>>>>
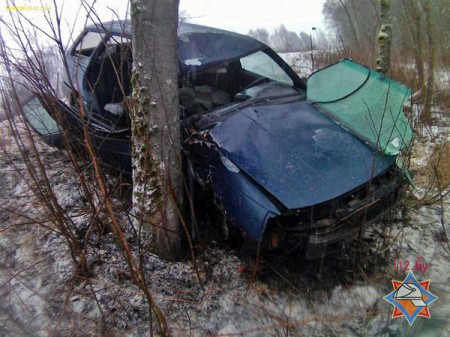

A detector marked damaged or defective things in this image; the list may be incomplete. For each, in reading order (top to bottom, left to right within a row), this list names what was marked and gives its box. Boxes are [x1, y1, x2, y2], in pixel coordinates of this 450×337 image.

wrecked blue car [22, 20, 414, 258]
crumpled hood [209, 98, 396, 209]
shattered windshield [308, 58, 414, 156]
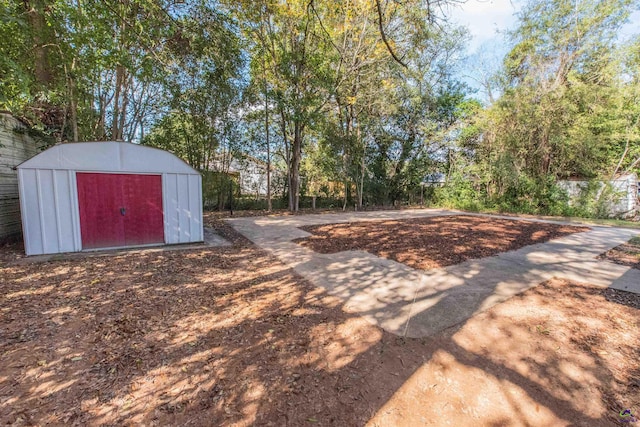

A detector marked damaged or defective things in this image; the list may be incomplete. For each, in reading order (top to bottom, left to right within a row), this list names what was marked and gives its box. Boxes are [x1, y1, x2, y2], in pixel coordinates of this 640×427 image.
<<<<
>>>>
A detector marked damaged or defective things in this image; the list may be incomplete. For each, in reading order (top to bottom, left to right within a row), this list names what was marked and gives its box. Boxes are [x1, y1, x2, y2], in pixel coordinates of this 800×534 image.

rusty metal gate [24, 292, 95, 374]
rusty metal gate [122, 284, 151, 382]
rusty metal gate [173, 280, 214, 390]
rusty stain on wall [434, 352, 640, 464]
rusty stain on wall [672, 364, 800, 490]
<<<<
■ ASSIGNMENT: What you write out is the stretch of entries from the line containing "this 450×337 image." to the line containing "this 640×427 image.", word for word, with both end lines and no pictures.

■ COMPLETED TASK:
A detector marked damaged or defective things in this image; the list may be incomplete. For each, in reading order (top to bottom, left to right within a row), this list names what was marked and gives its box. Boxes are [x1, y1, x2, y2], in pixel coordinates of this 450×337 image.

wrecked blue car [22, 20, 414, 258]
crumpled hood [209, 98, 396, 209]
shattered windshield [308, 58, 414, 156]

A detector marked damaged or defective things in this image; the list may be incomplete. For each, in reading order (top to bottom, left to right within a row), this list names what was marked and gives its box. Boxes are [x1, y1, x2, y2], in pixel coordinates of this 640×427 image.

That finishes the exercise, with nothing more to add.